# Recurrent Neural Networks: From Sine Waves to Shakespeare

This tutorial explores Recurrent Neural Networks (RNNs) using **blox** and **Distrax**.

We will cover two probabilistic modeling tasks:
1.  **Regression**: Modeling a noisy sine wave using a Gaussian distribution.
2.  **Generation**: Modeling character sequences (Shakespeare) using a Categorical distribution.

In [None]:
!pip install -q jax-blox optax matplotlib distrax

In [None]:
import os

import blox as bx
import distrax
import jax
import jax.numpy as jnp
import matplotlib.pyplot as plt
import numpy as np
import optax
import requests

## Part 1: Modeling a Sine Wave (Regression)

In [None]:
def generate_sine_data(batch_size, seq_len):
  """Generates sine waves with random phases."""
  # Random phases for each batch element.
  phases = np.random.uniform(0, 2 * np.pi, size=(batch_size, 1))
  time = np.linspace(0, 4 * np.pi, seq_len + 1)  # +1 for target

  # Shape: (Batch, Time)
  waves = np.sin(time + phases)

  # Add channel dimension: (Batch, Time, 1)
  waves = waves[..., None]

  # Input is t, Target is t+1
  inputs = waves[:, :-1]
  targets = waves[:, 1:]
  return inputs, targets


x_viz, y_viz = generate_sine_data(1, 100)
plt.plot(x_viz[0, :, 0], label='Input')
plt.plot(y_viz[0, :, 0], label='Target (Shifted)')
plt.legend()
plt.title('Sample Sine Wave Data')
plt.show()

In [None]:
class SineRNN(bx.Module):
  """RNN that outputs parameters for a Gaussian distribution."""

  def __init__(self, graph: bx.Graph, hidden_dim: int = 32):
    super().__().__init__(graph)
    self.lstm = bx.LSTM(graph.child('lstm'), hidden_size=hidden_dim)
    # Output 2 values: mean and log_std.
    self.head = bx.Linear(graph.child('head'), output_size=2)

  def apply(
      self,
      params: bx.Params,
      x: jax.Array,
      prev_state: bx.LSTMState | None = None,
  ):
    # x: [Batch, Time, 1]
    (h, final_state), params = self.lstm.apply(params, x, prev_state)

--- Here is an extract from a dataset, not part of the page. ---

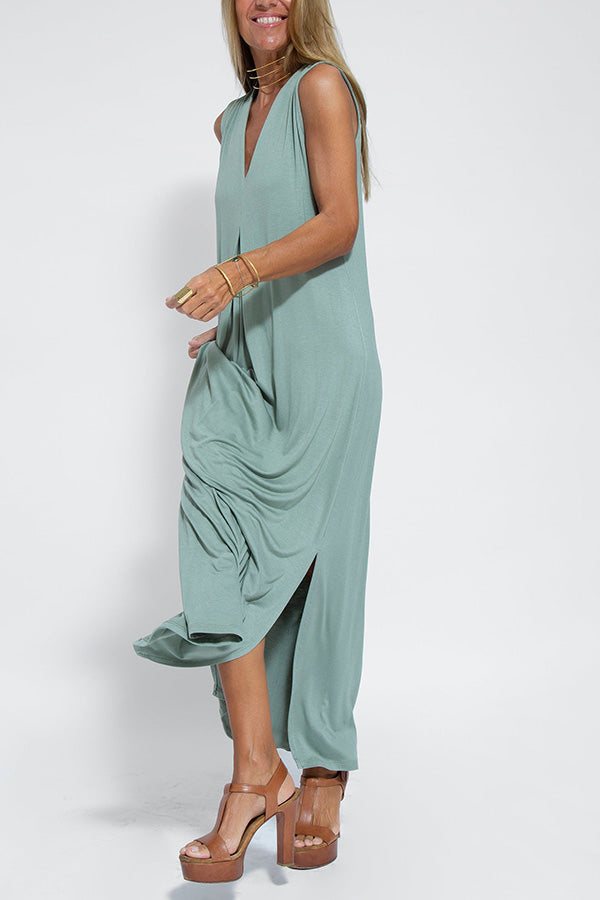 CM | Elegant is forever maxi vestido de punto de color sólido con abertura sin mangas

    # Project to Gaussian parameters.
    out, params = self.head(params, h)
    mu, log_scale = jnp.split(out, 2, axis=-1)

    # Constrain scale to be positive.
    scale = jax.nn.softplus(log_scale) + 1e-3
    return (mu, scale), final_state, params

In [None]:
@jax.jit
def train_step_sine(params, opt_state, x, y, optimizer):
  trainable, non_trainable = params.split()

  def loss_fn(t_params):
    curr_params = t_params.merge(non_trainable)
    (mu, scale), _, new_params = sine_model.apply(curr_params, x)

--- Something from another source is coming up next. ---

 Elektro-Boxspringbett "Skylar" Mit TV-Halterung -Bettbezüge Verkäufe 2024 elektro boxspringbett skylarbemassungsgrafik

    # Maximize Log Likelihood of the Gaussian.
    dist = distrax.Normal(loc=mu, scale=scale)
    nll = -dist.log_prob(y).mean()

    _, new_non_trainable = new_params.split()
    return nll, new_non_trainable

  (loss, new_non_trainable), grads = jax.grad(loss_fn, has_aux=True)(trainable)
  updates, new_opt_state = optimizer.update(grads, opt_state, trainable)
  new_trainable = optax.apply_updates(trainable, updates)
  return new_trainable.merge(new_non_trainable), new_opt_state, loss


# Create model components.
graph = bx.Graph('sine_rnn')
sine_model = SineRNN(graph)
rng = bx.Rng(graph.child('rng'), seed=42)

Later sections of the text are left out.